DeMar DeRozan did well in terms of staying within the offense but he never really took charge like he did in the previous three outings. By the time he got it going a bit in the fourth, it was too late. Defensively, I thought he was quite more active than usual and made a couple plays with his anticipation.
Although he produced fine numbers (23 points and seven assists), Derrick White was knocking on the door of greatness but never quite took the next step to put the Spurs on his back. That said, he did play really, really well. He’s shooting threes without hesitation. He’s driving with toughness to the rim. He’s finding teammates. On defense, White is mentally engaged and seems to usually be in the mix when the Spurs get a stop.
This was a rough game for Dejounte Murray. He wasn’t good at all in the halfcourt sets; he couldn’t create for himself or others. He had moments on defense but nothing really to write home about. Overall, he’s just not playing like he knows what to do on a possession-to-possession basis.
Lonnie Walker IV
While it was an improvement from his last outing, Lonnie Walker IV was still underwhelming. Going without a rebound, assist, steal or block in his 21 minutes paints the picture of how passive he was on both ends. There were a few moments here and there that he looked willing too attack but, on the whole, he was too happy to blend into the background.
I was really unimpressed by Jakob Poeltl today. Offensively, his flat-footed attempted finishes at the rim couldn’t possibly be any weaker. That same softness was apparent on the defensive end where he didn’t really do much to slow Nikola Jokic. Poeltl was feeble on the boards and was getting pushed around. It’s been a forgettable restart for the Austrian thus far.
Once again, it was Rudy Gay’s ability to go 1-on-5 that kept the Spurs alive for long stretches. He looked smooth on the offensive end, his jumper has perfect rotation right now and I thought his passing was much improved. Defensively, he tried hard in the paint but couldn’t do much out on the perimeter.

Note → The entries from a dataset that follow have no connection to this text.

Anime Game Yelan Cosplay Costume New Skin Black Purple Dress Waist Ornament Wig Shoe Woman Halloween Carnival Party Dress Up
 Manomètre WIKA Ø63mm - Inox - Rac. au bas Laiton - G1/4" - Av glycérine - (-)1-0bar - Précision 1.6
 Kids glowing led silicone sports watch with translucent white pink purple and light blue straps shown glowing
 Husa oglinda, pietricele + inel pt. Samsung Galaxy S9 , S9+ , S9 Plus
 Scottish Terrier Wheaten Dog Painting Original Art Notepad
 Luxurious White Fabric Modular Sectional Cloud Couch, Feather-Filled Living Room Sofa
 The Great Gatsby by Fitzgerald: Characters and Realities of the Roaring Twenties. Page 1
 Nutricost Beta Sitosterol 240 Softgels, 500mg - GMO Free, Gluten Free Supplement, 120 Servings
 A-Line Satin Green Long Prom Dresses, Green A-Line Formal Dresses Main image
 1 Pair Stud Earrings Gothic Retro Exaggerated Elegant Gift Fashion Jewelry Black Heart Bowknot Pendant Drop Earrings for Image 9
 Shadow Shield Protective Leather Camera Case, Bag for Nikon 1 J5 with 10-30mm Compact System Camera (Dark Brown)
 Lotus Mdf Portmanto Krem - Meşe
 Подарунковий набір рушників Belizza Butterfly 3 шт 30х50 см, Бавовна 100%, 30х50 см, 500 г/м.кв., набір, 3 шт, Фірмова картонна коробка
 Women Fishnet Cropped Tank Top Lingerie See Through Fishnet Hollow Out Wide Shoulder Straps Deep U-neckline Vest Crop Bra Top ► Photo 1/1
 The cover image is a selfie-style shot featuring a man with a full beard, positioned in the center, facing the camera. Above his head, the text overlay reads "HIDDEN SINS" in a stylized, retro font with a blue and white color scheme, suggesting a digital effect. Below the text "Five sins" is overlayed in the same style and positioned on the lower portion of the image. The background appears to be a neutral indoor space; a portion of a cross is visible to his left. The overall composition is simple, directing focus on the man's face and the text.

A lot like the Sixers contest, Keldon Johnson was timid coming out of the gates but he eventually hit his stride. His three-point shooting continues to look much improved. When Johnson puts his head down to attack the rim, he’s difficult to stop — especially when he takes his time. Defensively, he was competing for 94 feet and helping on the boards.
Another reason why the Spurs were able to hang around was the play of Patty Mills. Offensively, he hit a number of tough shots, continually probed to create for himself and others, and his decision-making was really good. Defensively, he scratched and clawed as best as he can.
I thought this was Drew Eubanks best game so far. Offensively, he’s a strong finisher and he has a nice touch away from the rim. His hands seem to be getting better and better and it’s obvious that he’s becoming a lot more comfortable. Defensively, he still needs to refine his approach but he wasn’t bashful about getting his hands dirty.
Quinndary Weatherspoon didn’t do a whole lot on the offensive end in his nine minutes of play. Defensively, though, he continues to look like a plus. He can stay in front of his man, rotates to help with muscle and IQ, and provides a surprising ability to knock heads in the paint.
I can’t complain too much about how Pop coached the game. If winning were the number one priority, more minutes for DeRozan, Gay and Mills would have helped the cause. But that’s not the main priority right now so the young players getting extra minutes was good to see. I’m pleased that Pop seems completely engaged and is reading and reacting well to what’s happening on the court — especially since there were times earlier in the season when I wasn’t even sure he was even watching the game.